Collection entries
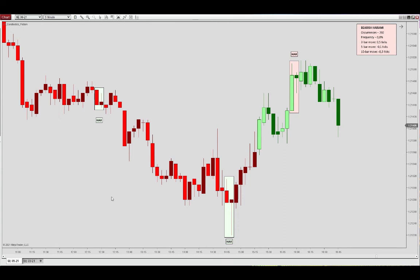That's pretty much it for the harami and the harami cross patterns. If you have any questions, feel free to reach out via the contact form at lizardindicators.com, or send an email to info@lizardindicators.com. Take care and bye bye.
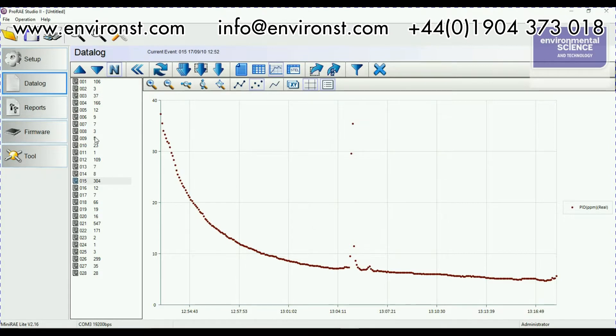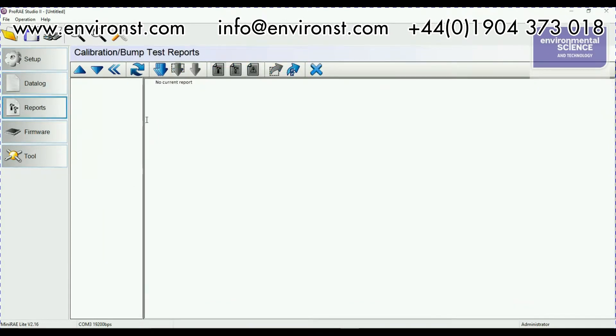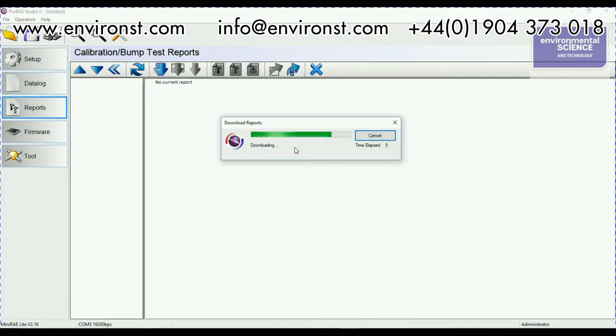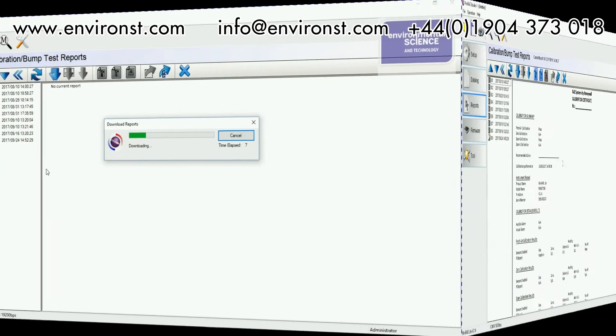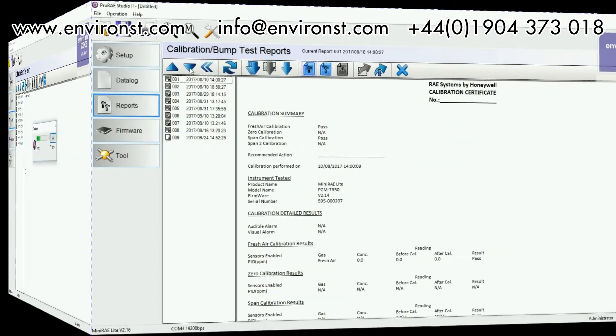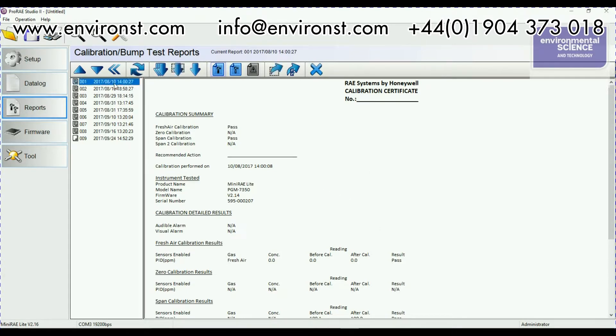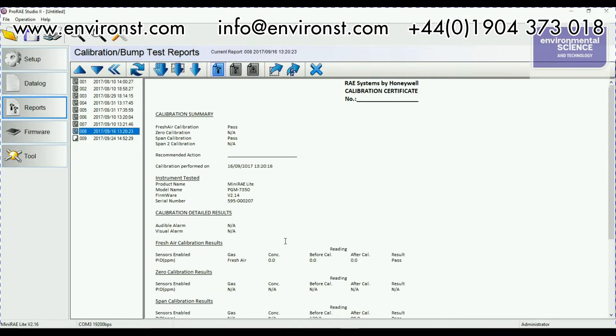So the other things that we can be doing if we click into reports here and I download reports and this one's got not too many reports in it which is good makes life easier. Basically under your reports here this is where you can download your calibration summary. So this unit has been calibrated quite a lot recently because I've done a fair few demos with it.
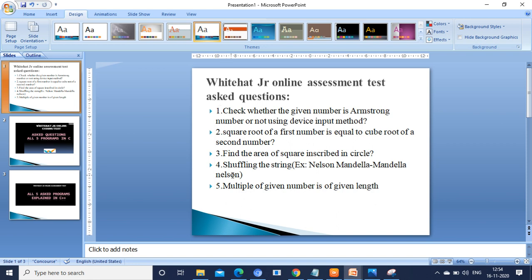These are the questions asked today: check whether the given number is a Hamstrung number or not using device input method; square root of a first number is equal to cube root of a second number; find the area of a square inscribed inside a circle; shuffling of strings; and multiple of a given number of given length.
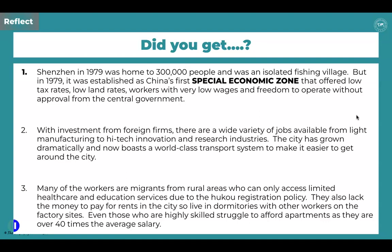Question two — major benefits: with investment from foreign firms, a wide variety of jobs is available, from light manufacturing to high-tech innovation and research industries. The city has grown dramatically and now boasts a world-class transport system. Question three — challenges: many workers are migrants from rural areas who can only access limited healthcare and education due to the hukou registration policy. They also lack the money to pay rent in the city and live in dormitories on factory sites. Even highly skilled workers struggle to afford apartments, which cost over 40 times the average salary.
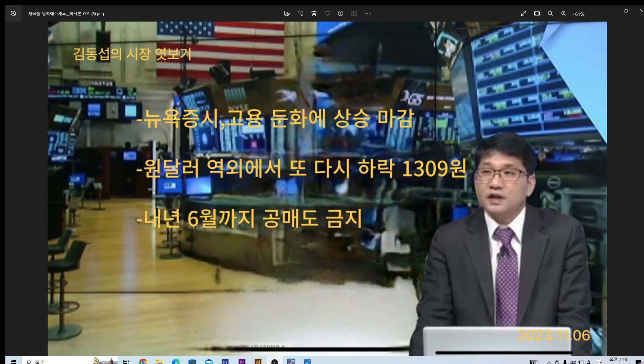전전달에 유가가 급등했지만 소비자물가지수에 영향을 못 미쳤어요. 그런데 이번에는 내려왔기 때문에 소비자 물가에서 내려왔을 확률이 높죠. 그래서 이번 주 정도에 소비자 물가 지수가 나올 거예요. 그걸 확인해야 될 것 같고요. 그 다음에 10년 만기 국채 수익률이 내려왔어요. 4.57%인데, 얼마 전에 5%를 넘어가서 문제가 심각하다 이렇게 나왔었는데, 5% 찍고 바로 내려와서 현재 4.57%까지 밀렸습니다.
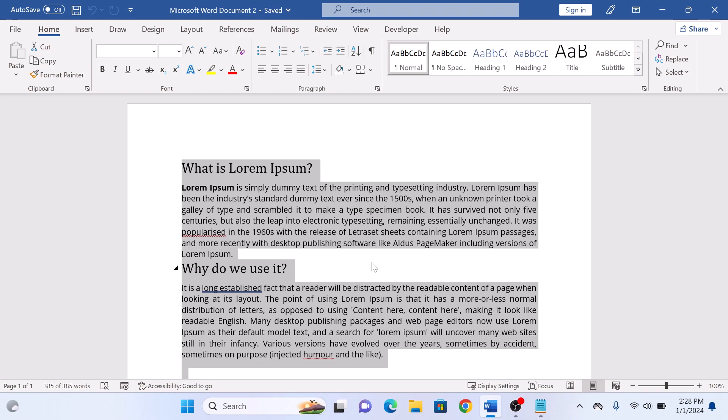Now navigate to the Home tab at the top of the Word window. So this is the Home tab.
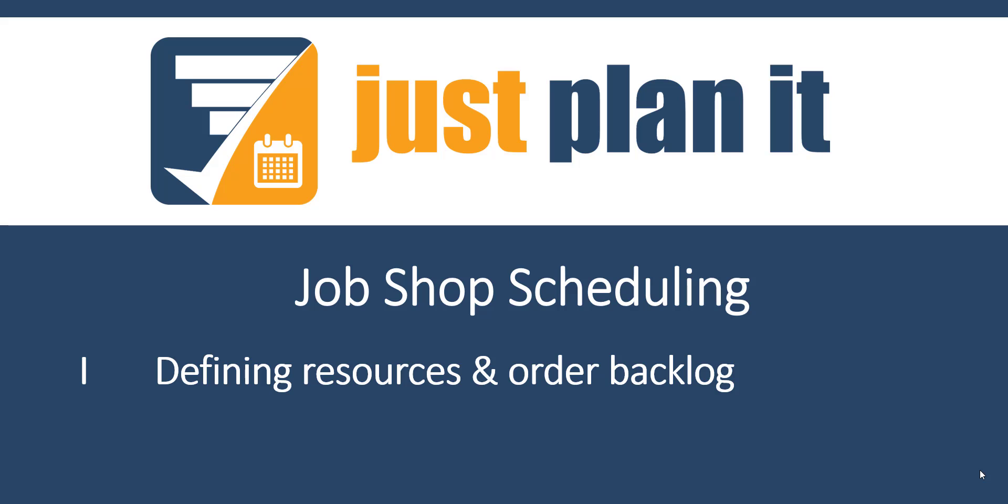Hello! Are you the owner of a job shop or the production planner of a high mix, low volume machine shop looking for an appropriate tool to get rid of your own Excel solutions? Then you're the right person to watch this video.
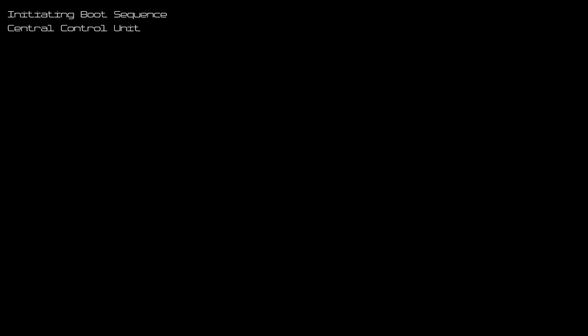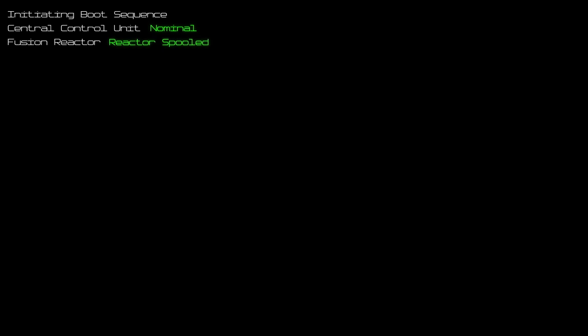Initiating boot sequence. Control unit nominal. Fusion reactor spooling... Spooled. Power output nominal.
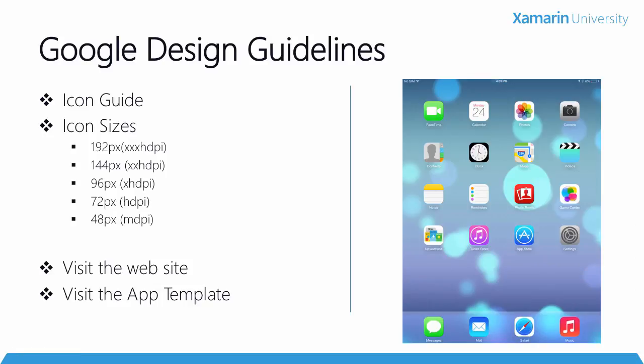So now that we've done some iOS icons, let's talk about the Google design guidelines for our Android icons. When you go to the guidelines, there is an icon guide that will help you with designing your icons. Icons for Android need to come in several sizes. If you've opened an Android application, you've opened our template, you've got a lot of drawable folders with the different suffixes on them. There's the MDPI, HDPI, XHDPI.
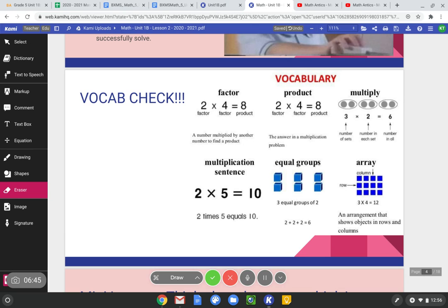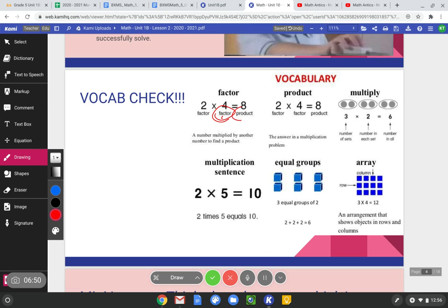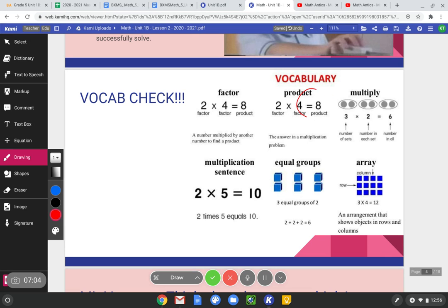One thing to watch out for with word problems: do not get scared by the words 'factors' and 'products.' Factor is just the components — remember, five groups with five people each were our factors, and product was the answer. Don't let them scare you. Word problems are sometimes really tricky; they put in information that doesn't matter just to make sure you're paying attention. So read word problems carefully and look for those tricks.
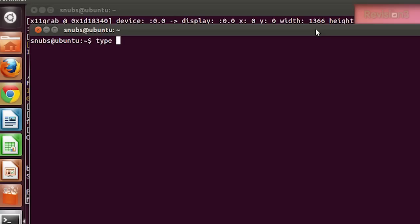Now how do you know what kind of command you're using? This is easy, with the type command. You can type in 'type' and then the command. So if I wanted to find out what kind of command 'type' is, I would type 'type type' — if that isn't enough types for one sentence.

Your instructions – Using the records above, return verbatim only the part that opens with the line containing "Question two —" and closes with the line containing "Initiating boot sequence."; pictures stay out.

Response to this task –
Question two — major benefits: with investment from foreign firms, a wide variety of jobs is available, from light manufacturing to high-tech innovation and research industries. The city has grown dramatically and now boasts a world-class transport system. Question three — challenges: many workers are migrants from rural areas who can only access limited healthcare and education due to the hukou registration policy. They also lack the money to pay rent in the city and live in dormitories on factory sites. Even highly skilled workers struggle to afford apartments, which cost over 40 times the average salary.
전전달에 유가가 급등했지만 소비자물가지수에 영향을 못 미쳤어요. 그런데 이번에는 내려왔기 때문에 소비자 물가에서 내려왔을 확률이 높죠. 그래서 이번 주 정도에 소비자 물가 지수가 나올 거예요. 그걸 확인해야 될 것 같고요. 그 다음에 10년 만기 국채 수익률이 내려왔어요. 4.57%인데, 얼마 전에 5%를 넘어가서 문제가 심각하다 이렇게 나왔었는데, 5% 찍고 바로 내려와서 현재 4.57%까지 밀렸습니다.
Now navigate to the Home tab at the top of the Word window. So this is the Home tab.
Hello! Are you the owner of a job shop or the production planner of a high mix, low volume machine shop looking for an appropriate tool to get rid of your own Excel solutions? Then you're the right person to watch this video.
Initiating boot sequence. Control unit nominal. Fusion reactor spooling... Spooled. Power output nominal.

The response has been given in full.